Introduction
When a
sort operation is too large to fit in memory, Oracle allocates space in a
temporary tablespace in order to write data off to disk. Temporary space is a
resource shared by multiple sessions on the database, and quotas cannot be set
to limit how much temporary space can be used by any individual user or
session. If a user submits a query with an incomplete WHERE clause, an enormous
Cartesian product may result. That is all it takes to fill the temporary
tablespace and possibly impact many other users on the system. When the
temporary tablespace fills, any statement that requires additional temporary
space will fail with an “ORA-1652: unable to extend temp segment” error.
In
this paper, we will first briefly review how Oracle manages sorting operations.
Next we’ll discuss how a database administrator can determine if any statements
on the database have failed because the temporary tablespace ran out of space.

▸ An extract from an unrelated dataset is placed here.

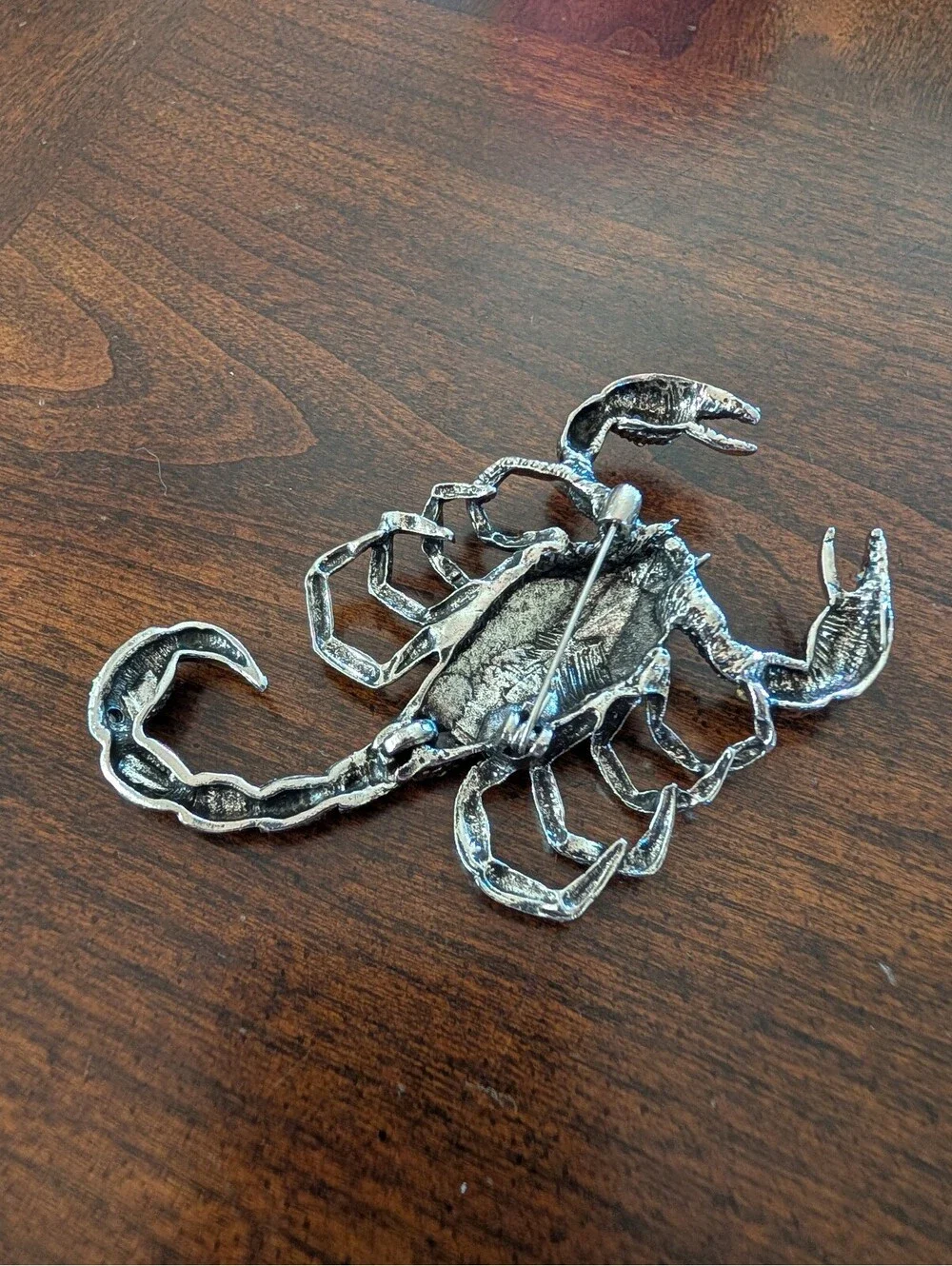 Teal Blue Pink Silver Tone Scorpion Brooch Tail Moves New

We’ll also present two techniques a DBA can use to understand how space in the
temporary tablespace is being used and how users are being impacted by a full
temporary tablespace.
The first technique we’ll look at includes how to direct
Oracle to log every statement that fails for lack of temporary space.
The
second technique provides a set of queries a DBA can run at any time to capture
in real time how temporary space is currently being used on a per-session or
per-statement basis.
These techniques can help DBAs address chronic or
intermittent shortages of temporary space.
Oracle Sorting Basics
Many
different circumstances can cause Oracle to sort data. For example, Oracle
sorts data when creating an index and when processing most queries that include
an ORDER BY or GROUP BY clause. Oracle sessions begin sorting data in memory.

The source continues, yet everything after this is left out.